EXERCISE AIM: Exactly as they appear, retype the lines from the one containing "[4 delar] Härdat" through the final line of the data below. Leave pictures out.

Pictures with short captions:

------------------------

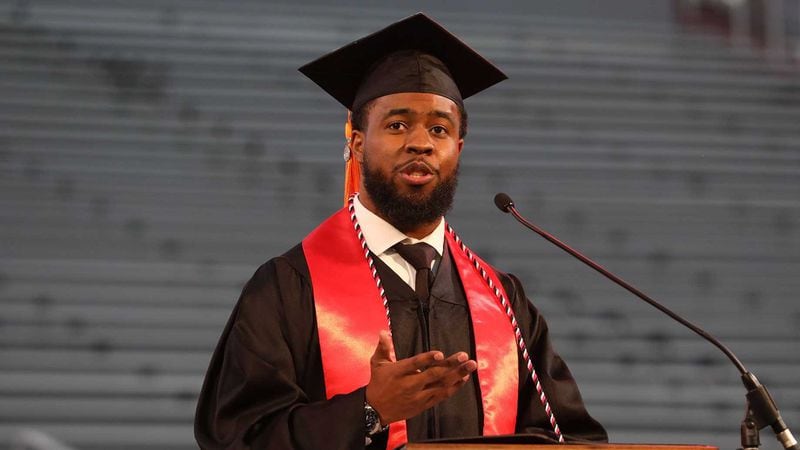 Jack L. Bush III, a 2020 graduate of the University of Georgia, spoke at the commencement ceremony on Oct. 16, 2020. The ceremony was scheduled in May, but postponed to October because of the coronavirus pandemic. PHOTO CREDIT: University of Georgia Marketing & Communications.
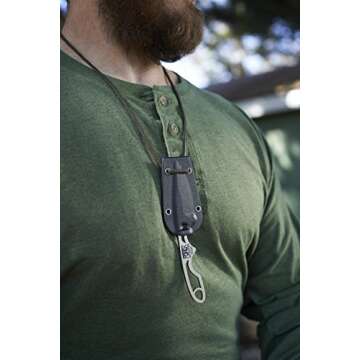 MT Knives Genesis EDC Survival Neck Knife with Kydex Sheath - Ultralight 2.5oz Stainless Steel Drop ...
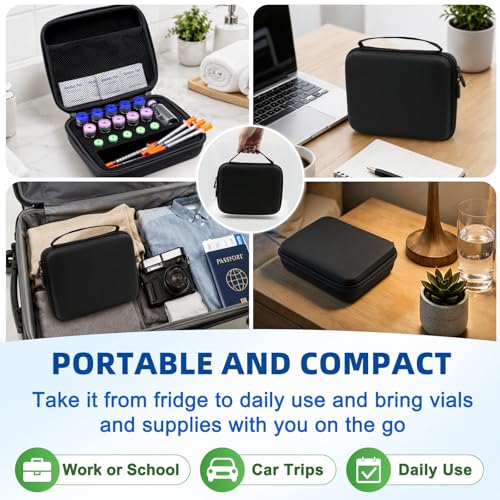 Peptide Case for Fridge Bac Water for Peptides for 3ml 5ml 10ml 30ml Vials - color: Black-15×(1-10ml)+1*30ml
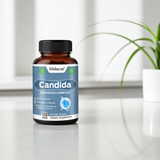 Candida Complex with Probiotics & Enzymes supplement bottle for gut health support, digestive comfort, and microbiome balance.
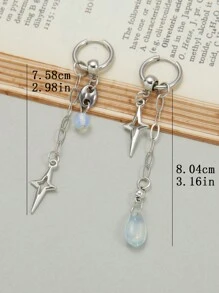1 Pair Y2K Punk Star Earrings For Women Fashion Korean Jewelry Accessories Gift Protein Crystal Asymmetrical Star Pendant Gothic Ear Hooks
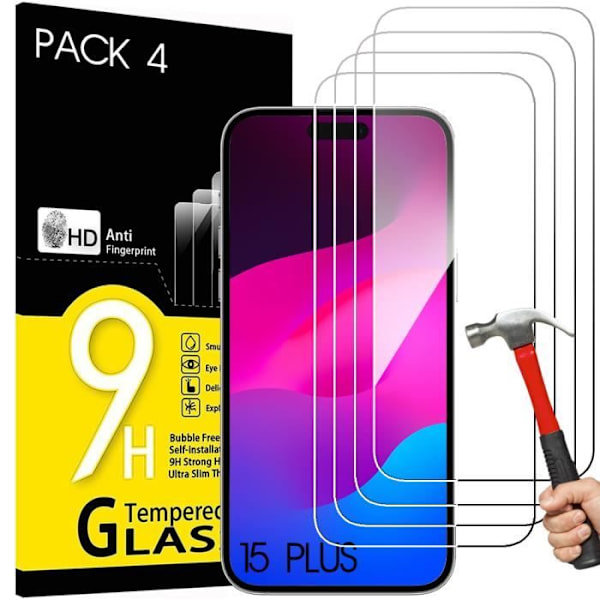 [4 delar] Härdat glas för iPhone 15 Plus - BOOLING - Genomskinligt skärmskydd mot repor Transparent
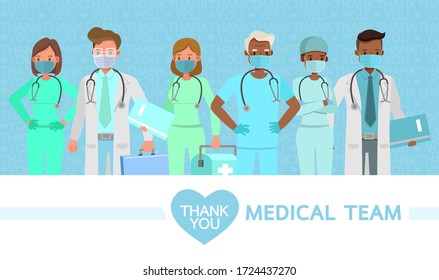 Set of doctor wear medical mask. Thank you medical team. Coronavirus quarantine concept character vector design.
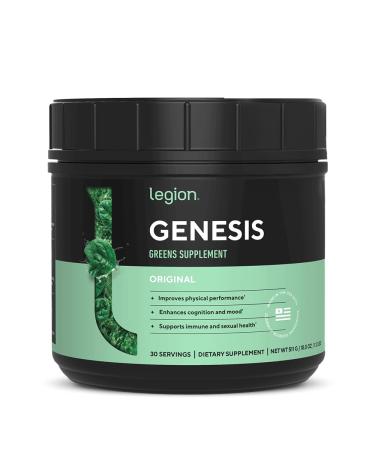 LEGION Genesis Greens Super Greens Powder with Organic Spirulina & Matcha Daily Green Superfood Supplement with Adaptogens for Energy Digestion Immunity & Detox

------------------------

RESULT OF THE EXERCISE:
 [4 delar] Härdat glas för iPhone 15 Plus - BOOLING - Genomskinligt skärmskydd mot repor Transparent
 Set of doctor wear medical mask. Thank you medical team. Coronavirus quarantine concept character vector design.
 LEGION Genesis Greens Super Greens Powder with Organic Spirulina & Matcha Daily Green Superfood Supplement with Adaptogens for Energy Digestion Immunity & Detox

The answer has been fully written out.